Geoforms—the physical structures of the underwater marine environment—include underwater topography, living (biogenic) structures that create their own physical environment, or man-made features such as shipwrecks, breakwaters, and dredge areas. Physical structure is a prime determinant of habitat for nearly all the bottom-dwelling marine organisms in Massachusetts waters. To understand and map habitat, therefore, it is imperative to map geoforms.
One way to characterize the seafloor is by mapping the underwater landscape features that are analogous to terrestrial plains, valleys, and hilltops. On land, habitat is defined by these landscape features (in part) due to their interaction with aspects of the physical environment, such as light intensity, wind exposure, and drainage. These landscape features in turn can be used as predictors of habitat suitability, community composition, and species distribution and abundance. Seafloor geoforms are similarly a highly important aspect of marine habitat. (See figure below).
One common geoform in Massachusetts is characterized by a rugged seafloor composed of cobbles, boulders, and bedrock ledge. This complex, three-dimensional matrix is correlated with high biodiversity and is essential to the life history of many species of sponges, urchins, lobsters, fish, and attached algae (seaweed). Click to see the full size image (PDF, 3 MB).
Geoforms also include living structures. For example, as successive generations of oysters settle and grow, the resulting oyster reefs become highly complex, with many structural irregularities and crevices that provide microhabitats for many different species of animals ranging from worms to fish.
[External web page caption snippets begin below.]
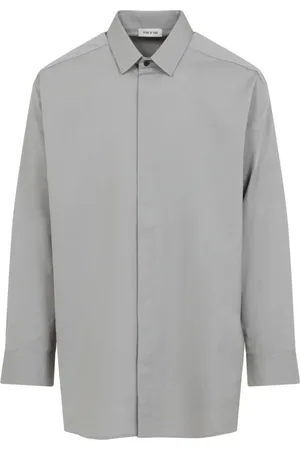 FEAR OF GOD Uomo, Giacche, Grigio, M, new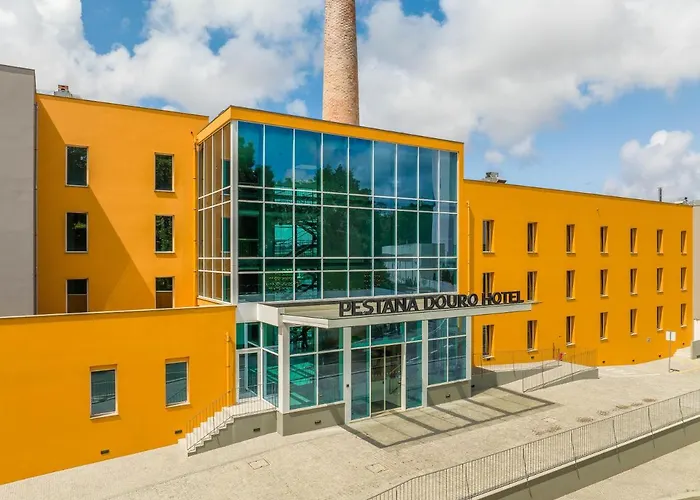 Pestana Douro Riverside - Preferred & Resorts, Lifestyle Hotel 5*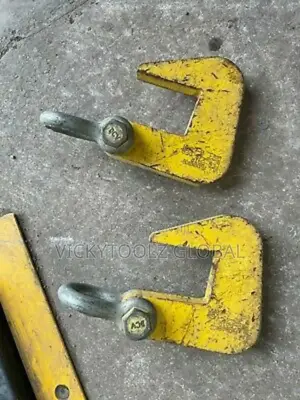 Horizontal Plate Lifting Clamp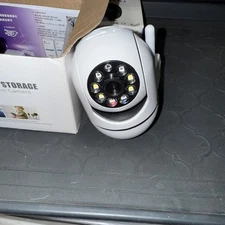 YI IoT~ Intelligent Camera, Cloud Storage, Wifi Smart Camera, NEW!(Opened bx)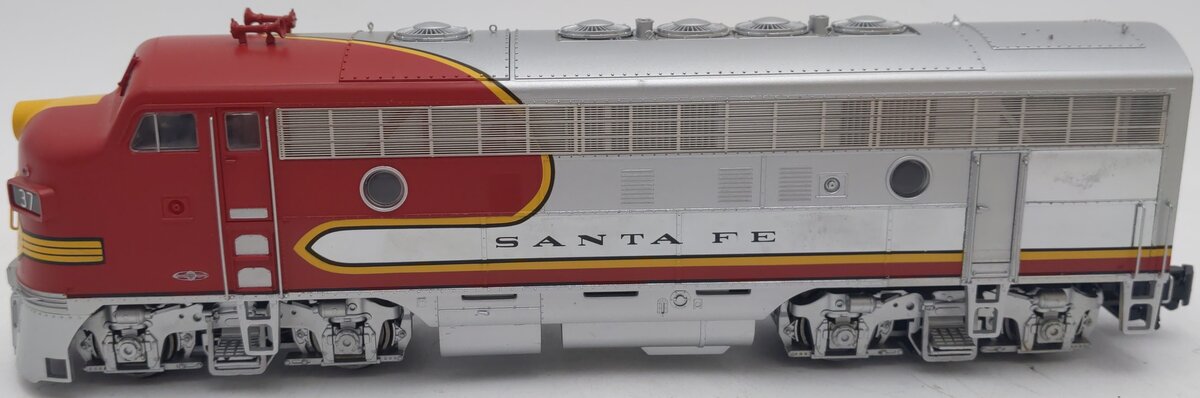 S-Helper #00870 S Scale AT&SF (pass) #1 DC N/S F-7A EX/Box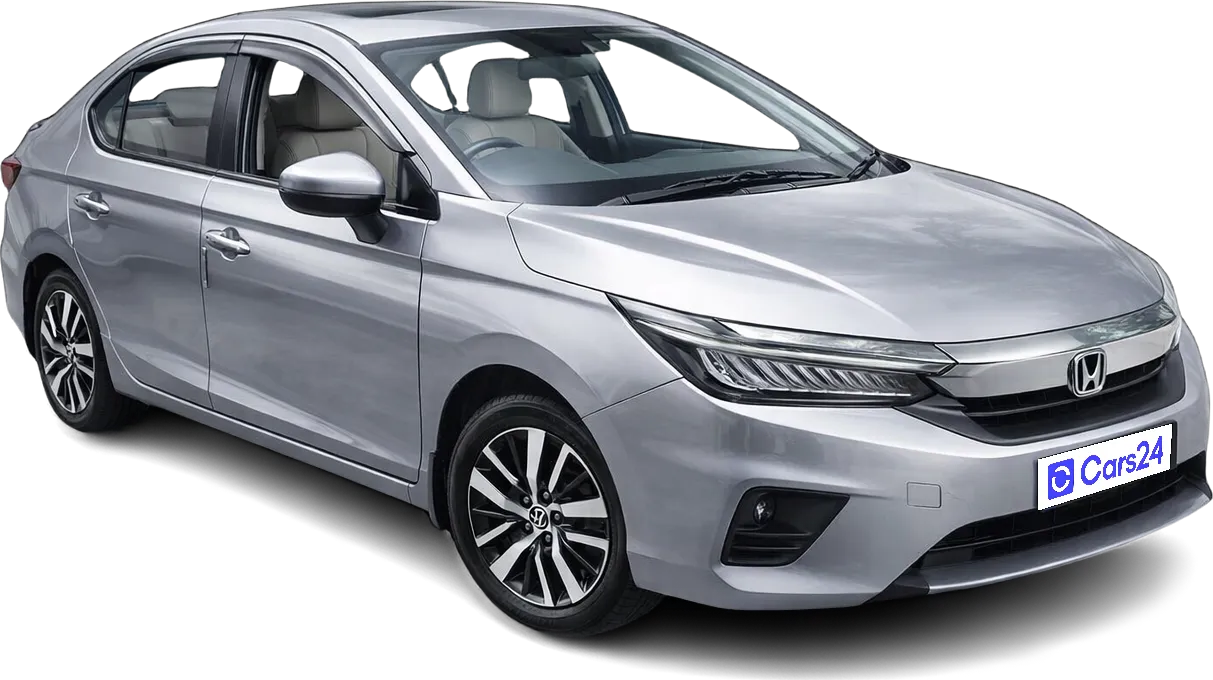 2021 Honda City - Sedan - Petrol - Manual - ₹9.80 lakh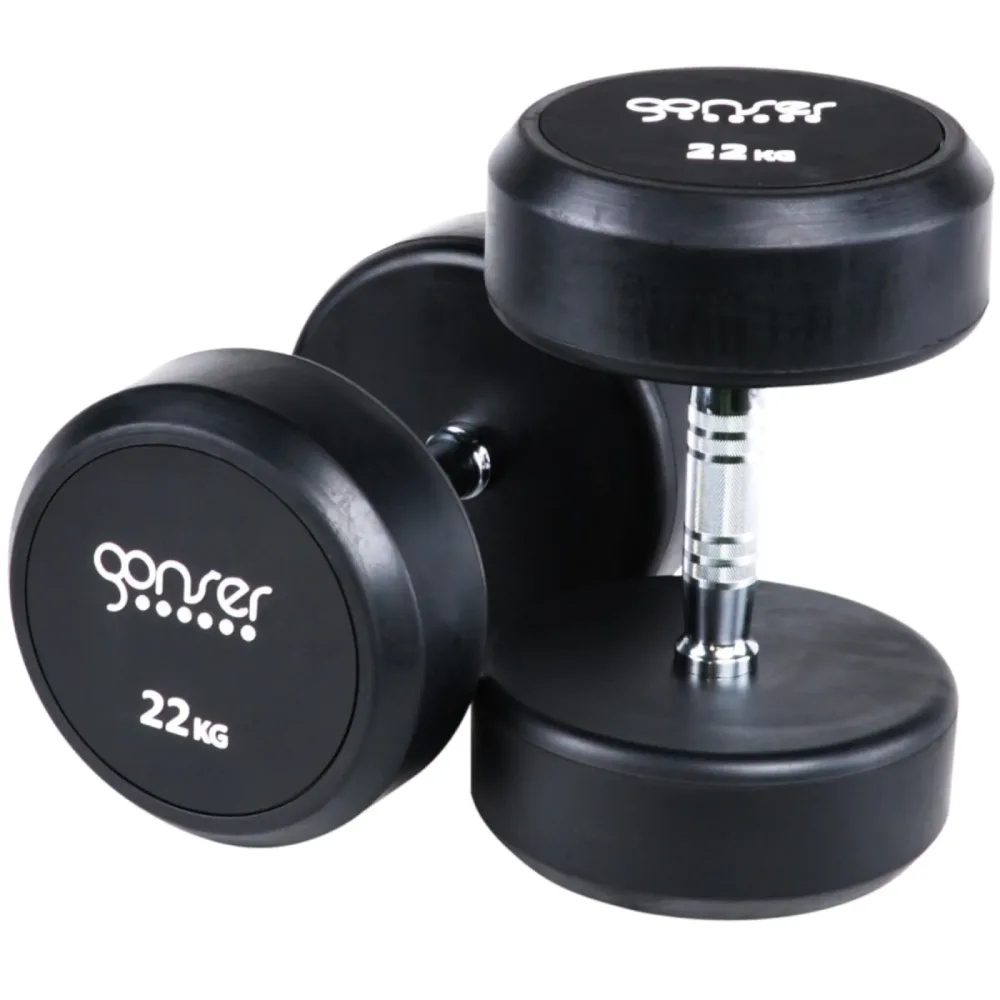 Kurzhantel TYSON 2 x 22 kg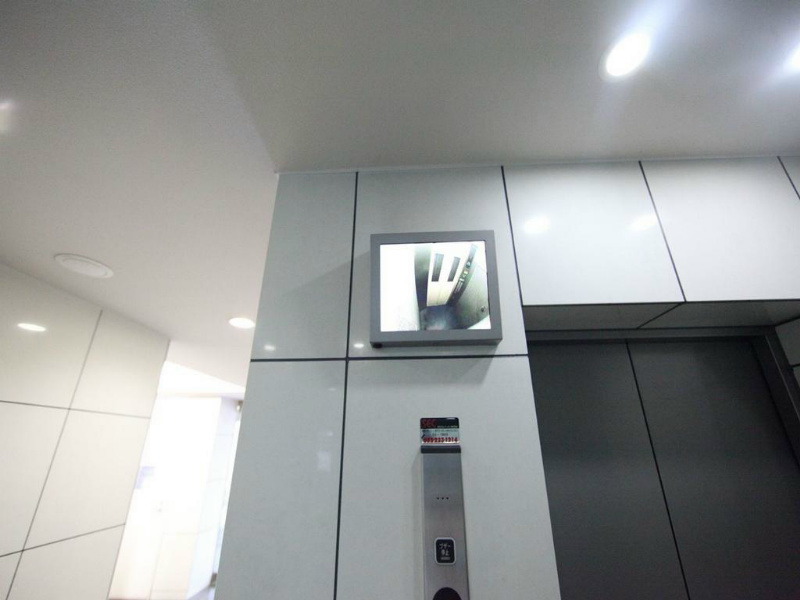 パークアクシス丸の内 モニター付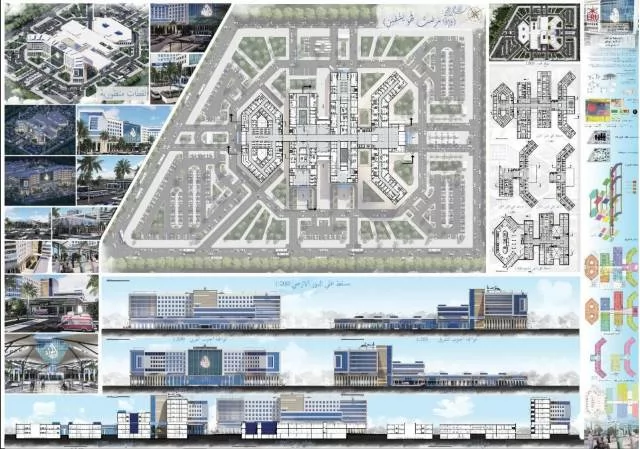 الجامعة المصرية الروسية تختتم مشروعات التخرج لطلاب الهندسة المعما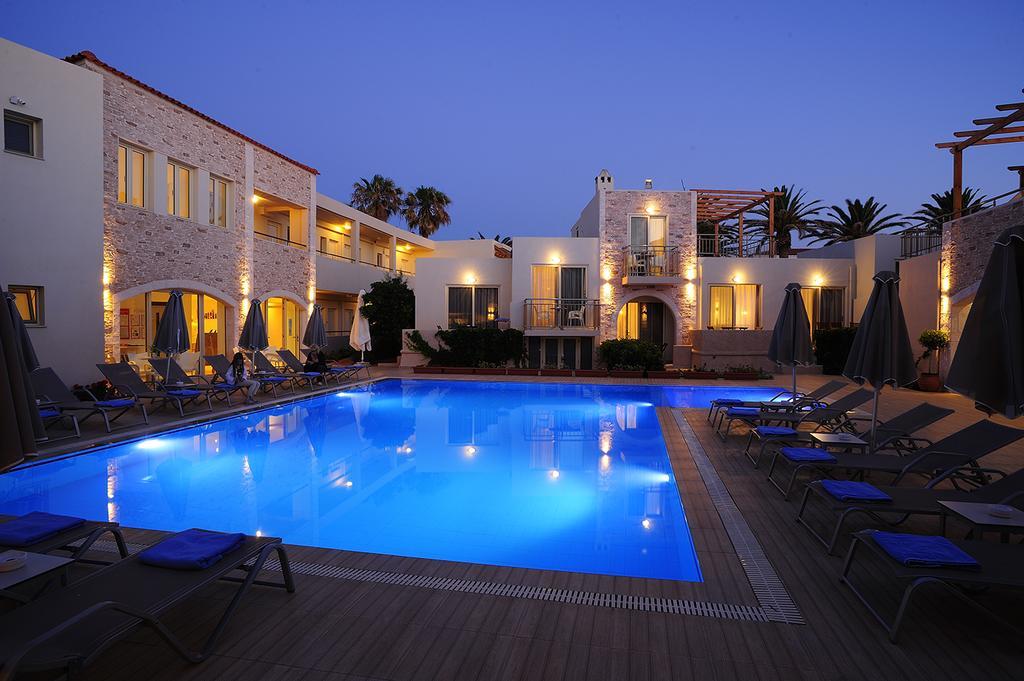 Maravel Star Art Hotel Adelianos Kampos Exteriör bild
Small fishes, including silversides and menhaden, find shelter from predators and from strong tidal currents at oyster reefs. Many of these fishes feed extensively on the larval animals associated with reefs, before eventually becoming prey themselves to larger fishes. Oyster reefs are also used as a nursery habitat by many important recreational and commercial species including flounder and striped bass. Sea stars, mud crabs, and some mollusks prey on the oysters themselves.
While not typically thought of as such, man-made structures are also geoforms and can either be habitat themselves or alter the surrounding physical habitat in profound ways. These changes are sometimes done purposefully to create specific habitat types in areas where they do not naturally occur (e.g., artificial reefs that serve as shelter and foraging areas for some fish), but more often are a byproduct of resource extraction or development for other purposes. For example, dredged channels deepen subtidal habitat, reducing light and increasing water flow, while wind energy towers and jetties create a hard physical structure analogous to an artificial reef.
CZM is mapping geoforms using a variety of different data including bathymetry, National Oceanic and Atmospheric Administration (NOAA) charts, sediment samples, and bottom photos. Brought together, these features provide a better understanding of the physical structure element of marine habitats at multiple scales.
A geoform map of the mouth of Buzzards Bay, between Dartmouth and Gosnold. The geoforms represented in this map are: crests, upper slopes, flats, lower slopes, and depressions. Click to see the full size image (PDF, 186 KB).
Geoform maps may help explain observed patterns in physical data, such as water temperature, sediment type, or current velocity. In addition, when combined with these physical data, geoforms may help explain observed patterns of marine life.